# 01_benchmarking

This notebook compares the baseline performance of 12 algorithms on the SEO-Effect dataset. The performance is evaluated by measuring the following evaluation metrics: Accuracy, ROC AUC (One-vs-One), Macro Precision, Macro Recall, Macro F1, as well as Fit and Train Time.

The algorithms are selected from the ["scikit-learn algorithm cheat-sheet"](https://scikit-learn.org/stable/_static/ml_map.png) to compare a broad spectrum of different classification methods.

Custom parameters are kept to a minimum. max_iteration is limited to 100, max_depth to 10, n_neighbors are 4, while the outlier_label is set to 5. The penalty option is set to l2 and the random state is set to 22. This is done to limit run time or because a parameter needs to be set.

The algorithms are cross validated by splitting the data into five stratified shuffle splits, with a test size of 66%. The mean of each metric as well the standard deviation is saved to a dataframe and stored in <code>output/01_benchmarking.csv</code>.

Six of the 12 algorithms perform very well, with an accuracy of at least 90% and an f1 of at least 75%. Those are (in order of the best performance to last): GradientBoosting, RandomForest, ExtraTrees, DecisionTree, LinearSVC and GaussianNB. However, the fit and training times of the GradientBoostingClassifier is 750 times longer than that of the Gaussian Naive Bayes Classifier. This classifier is known as a quick and reliable way to test classification performance and works well with the data that is being used. As such it will be used to compare data preprocessing methods in the next section.

In [2]:
import pandas as pd
import numpy as np

from sklearn.model_selection import cross_validate, StratifiedShuffleSplit
from sklearn.svm import SVC, LinearSVC
from sklearn.neighbors import KNeighborsClassifier, RadiusNeighborsClassifier
from sklearn.naive_bayes import GaussianNB, BernoulliNB
from sklearn.linear_model import SGDClassifier
from sklearn.ensemble import RandomForestClassifier, ExtraTreesClassifier
from sklearn.tree import DecisionTreeClassifier
from sklearn.ensemble import AdaBoostClassifier, GradientBoostingClassifier

import warnings
warnings.filterwarnings('ignore')

from IPython.display import clear_output

# load data
df = pd.read_csv('output/data_cleaned.csv')

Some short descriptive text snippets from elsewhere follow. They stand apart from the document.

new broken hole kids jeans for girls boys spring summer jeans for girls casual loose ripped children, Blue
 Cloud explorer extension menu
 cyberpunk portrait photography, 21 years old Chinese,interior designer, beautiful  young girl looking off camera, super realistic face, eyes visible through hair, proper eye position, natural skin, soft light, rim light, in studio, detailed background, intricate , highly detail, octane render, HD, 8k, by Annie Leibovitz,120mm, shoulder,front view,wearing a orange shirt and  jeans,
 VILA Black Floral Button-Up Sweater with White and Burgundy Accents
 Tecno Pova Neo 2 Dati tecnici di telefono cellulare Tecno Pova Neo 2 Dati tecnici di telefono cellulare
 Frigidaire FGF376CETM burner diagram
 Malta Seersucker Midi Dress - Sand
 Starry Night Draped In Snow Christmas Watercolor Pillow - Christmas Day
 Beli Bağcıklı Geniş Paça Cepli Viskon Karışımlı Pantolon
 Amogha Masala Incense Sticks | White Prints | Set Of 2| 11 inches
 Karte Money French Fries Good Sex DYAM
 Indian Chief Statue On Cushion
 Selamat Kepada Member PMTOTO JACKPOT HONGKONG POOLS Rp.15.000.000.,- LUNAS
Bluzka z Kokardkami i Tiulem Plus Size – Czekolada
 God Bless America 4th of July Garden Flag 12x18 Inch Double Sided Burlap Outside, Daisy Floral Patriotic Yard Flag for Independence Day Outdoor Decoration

# split data into features and target
X = df.drop(columns=['seo class'])
y = df['seo class']

# list of classifiers to compare
classifiers = {'AdaBoost': AdaBoostClassifier(),
               'BernoulliNB': BernoulliNB(),
               'DecisionTree': DecisionTreeClassifier(),
               'ExtraTrees': ExtraTreesClassifier(),
               'GaussianNB': GaussianNB(),
               'GradientBoosting': GradientBoostingClassifier(),
               'KNeighbors': KNeighborsClassifier(),
               'LinearSVC': LinearSVC(),
               'RadiusNeighbors': RadiusNeighborsClassifier(),
               'RandomForest': RandomForestClassifier(),
               'SGD': SGDClassifier(),
               'SVC': SVC()}

# dictionary of evaluation metrics
metrics = {'accuracy': 'accuracy',
           'precision': 'precision_macro', 
           'recall': 'recall_macro',
           'f1': 'f1_macro'}

# set minimal parameters to make sure algorithms function
params = {'max_iter': 100,
          'max_depth' : 10,
          'penalty': 'l2',
          'n_neighbors': 4,
          'outlier_label': 5}

# create stratified split for cross validation
sss = StratifiedShuffleSplit(n_splits=5, test_size=.66, random_state=22)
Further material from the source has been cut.